THE INN AT PERRY CABIN, MARYLAND
12 JUNE 2007
Good morning Excellencies,
Ladies and Gentlemen,
It is a pleasure for me to be invited once again to participate in a conference organized by the Stanley Foundation. I commend the Foundation for addressing a timely subject of discussion – “the Implementation of the UN Global Counter-Terrorism Strategy”
Combating international terrorism is a topic closely linked to the work of the United Nations with all its relevant organs; and is closely monitored by the world at large. Terrorism harms peace and security, as well as violates human rights and the rule of law – the core values that the United Nations stands for.
This responsibility is shouldered by all Member States equally.
On 8 September 2006, the General Assembly collectively adopted the UN Global Counter-Terrorism Strategy. The adoption of the Strategy was a message of courage and cooperation. It reflects the ability of the entire membership to deal with the current political challenges of the world.
Since the launch of the Strategy on 19 September 2006, I have occasionally been informed of the progress made on the implementation of the Strategy. In this regard, I commend everyone who has taken the implementation of the Strategy seriously. This is indeed an encouraging trend.

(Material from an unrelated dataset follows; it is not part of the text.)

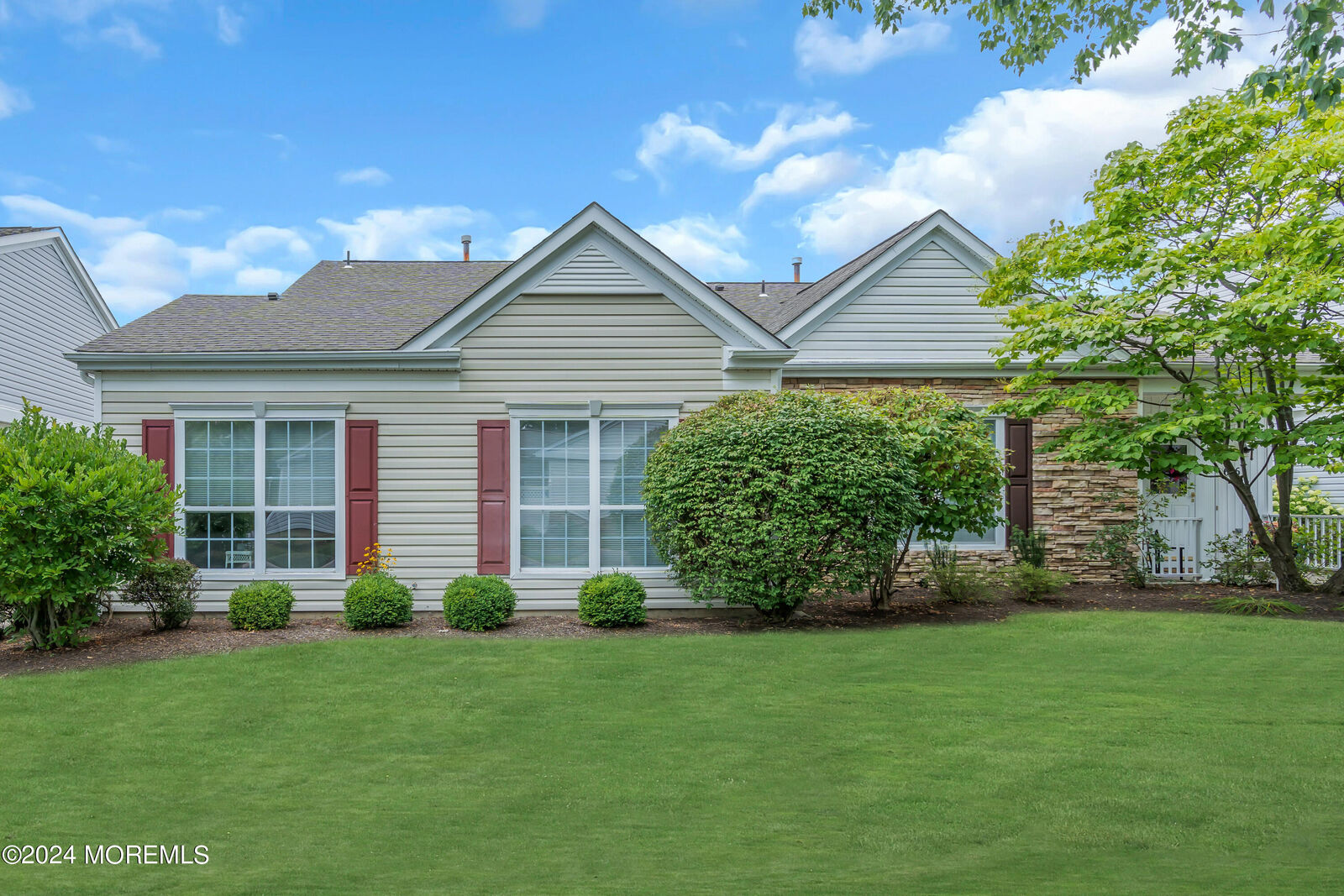 Property Photo:  657 Bluebird Drive  NJ 08831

One that I hope continues to further our advancement to adopt a comprehensive convention on international terrorism. It is imperative that we work together and build momentum to conclude the negotiations on this convention as soon as possible.

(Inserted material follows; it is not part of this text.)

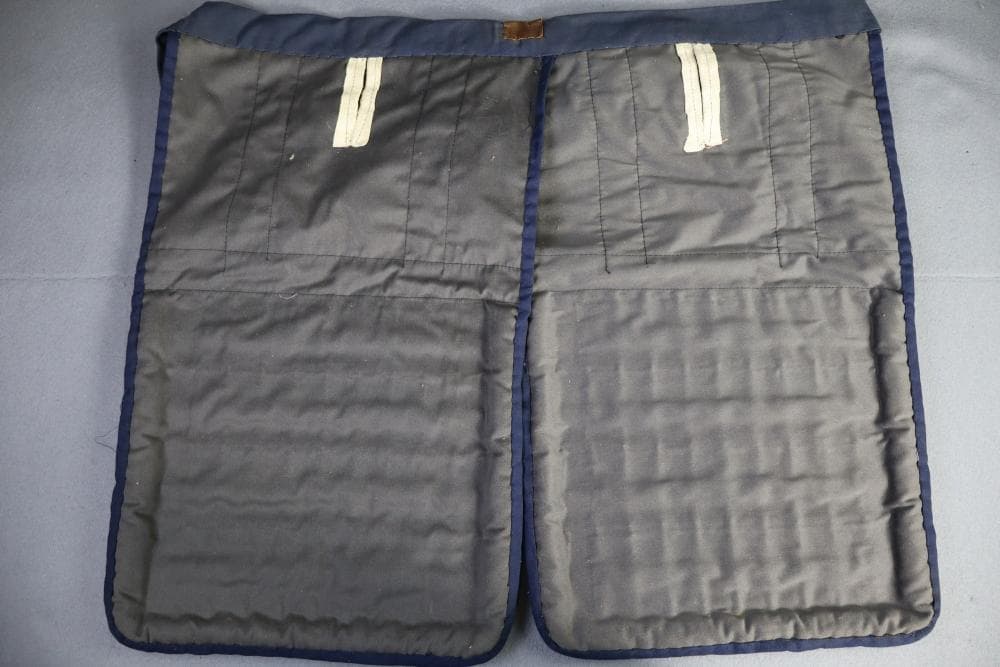 キ*ー様 大人が着用可能な甲冑一式／青糸威・黒塗胴・月形前立兜／送料込み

We are all aware that terrorism cannot be defeated through law enforcement alone. Deep-rooted resentments arising from poverty, social inequality, political problems, and extremism serve as fuel to terrorism propaganda. And, they must be tackled through greater economic competitiveness, education and equality. They are the most effective long-term and sustainable measures against terrorism.
Ladies and Gentlemen,
The threat of terrorism has created fear in us all. Fear is the most basic human emotion in response to danger. However, there is a fine line between heeding dangers and acting out of fear. We should not allow irrational fears to control us.
We must be mindful that in our quest to protect all nations and peoples of the world we should not undermine the core values such as equality and opportunity for all, as well as freedom of speech and religion. This is why initiatives that promote dialogue among and within cultures and religions are so important and are one of the main priorities of the General Assembly.
Ladies and Gentlemen,
As the world progresses, we need to develop effective tools that are in-line and responsive to these advances. The rich discussions over the past few days have addressed some important contemporary issues that must be taken into account in implementing the Strategy. They have also reflected that much remains to be done.
In this regard, we must offer our support to the Counter-terrorism Task Force and ensure that it has the necessary resources to be able to undertake its important task, including enhancing capacity of Member States to implement the Strategy.
We must harness the potential of the internet as a preventative measure to combat terrorism. But we must also be mindful that it is a double-edged sword – it can also be abused by terrorists to incite terrorist acts. Thus we certainly need to explore options of dealing with such abuse as soon as possible.
We must ensure that the media carries-out their responsibility in reporting news as accurately and as balanced as possible.
We must also ensure that civil society and the private sector are more involved in the process of implementation of the Strategy.
It is essential that we examine these key issues among others to ensure that we make serious progress in the implementation of the Strategy.
Let me conclude by thanking the Stanley Foundation for organizing this meeting. And, I trust that this conference will outline effective recommendations to help promote the implementation of the Strategy. I commend all of you that participated throughout these past few days to help further our cooperative efforts in the fight against terrorism.
We need to continue to act towards fighting this evil; for whatever dangers arise in the actions we take, the dangers of in-action are far greater.